A good mate of mine sent me through a little edit of the spot he’s sessioning these days and the crew he’s rolling with. Looks like good times and nothings made me want to clamber back on the big bouncy bike more than this. 20’s, 24’s and 26’s all representing on some solid trails and jumps. I know a lot of us evolved from this kinda background so thought it might be of interest.


With fixed freestyle there is always a lot of talk often criticism about cross-pollination from other bikes and often remarks that we are essentially reinventing what already exists,
I’m sure everyone’s been confronted with the age old ‘Why don’t you just ride a BMX?’

BUT…I don’t think this is confined to ‘Fixed Gear’. At the moment there are so many ‘genres’ popping up and trying to forge their own place that paradoxically things are merging into one another at vast rate. Check out PK’s Big Ripper for example.

At the same time people are eagerly buying into brands or products that they feel that,
on the contrary, define them as being very much part of a particular genre or scene. Nothing says I’m firmly a ‘Dirt Jumper’ not a freestyle fixed rider than 800mm bars on a 24inch DJ right? Make no mistake I’m an ‘All Mountain’ rider because I run 2.8 inch tyres when suspension is as advanced as it is!? From my perspective being motivated in this way often conflicts or restricts with what those riders truly enjoy about riding and their ability to perform at their optimum.

There also seems to be what can be described as a regression, maybe we can bundle this up nicely by saying that people are looking to simpler times. I think Charge’s 2011 XC range reflects this style that’s been showing itself in Gumwall tyres and the inflated prices of old Klein’s and Marin’s for a while now. This nostalgia and fascination with retro is nothing new, keeping it strictly to bikes it’s happened in BMX for the last ten years with special editions and re-issues from greats such as Mongoose to childhood icons such as the Raleigh Burner. But what is driving this revisit?
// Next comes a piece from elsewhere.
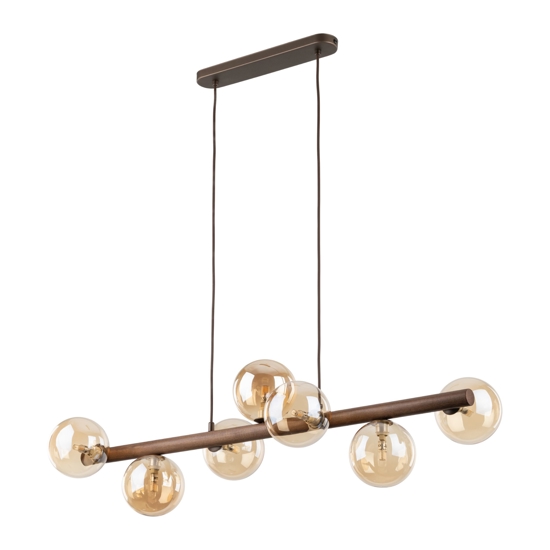 Lampadario orizzontale barra in legno noce per cucina sfere di vetro ambra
Regarding re-invention of apparently existing bikes or frames types in a circular pattern rather than logical progression, I can only say that this is fine until fervently trying to stay within the parameters of what you regard as your scene or an image compromises the equipment you use, just because a brand or tech spec is accepted as being for ‘fixies’ or not. Case in point has to be tyres, I can’t understand how tyre technology hasn’t in fact made the leap or this cross-pollination, why isn’t there a decent fixed freestyle 700c tyre in a range of sizes at a decent weight, which leads nicely on to the debate between 26’’ and 700c and the often condescending judgements based on those that opt for 26’’.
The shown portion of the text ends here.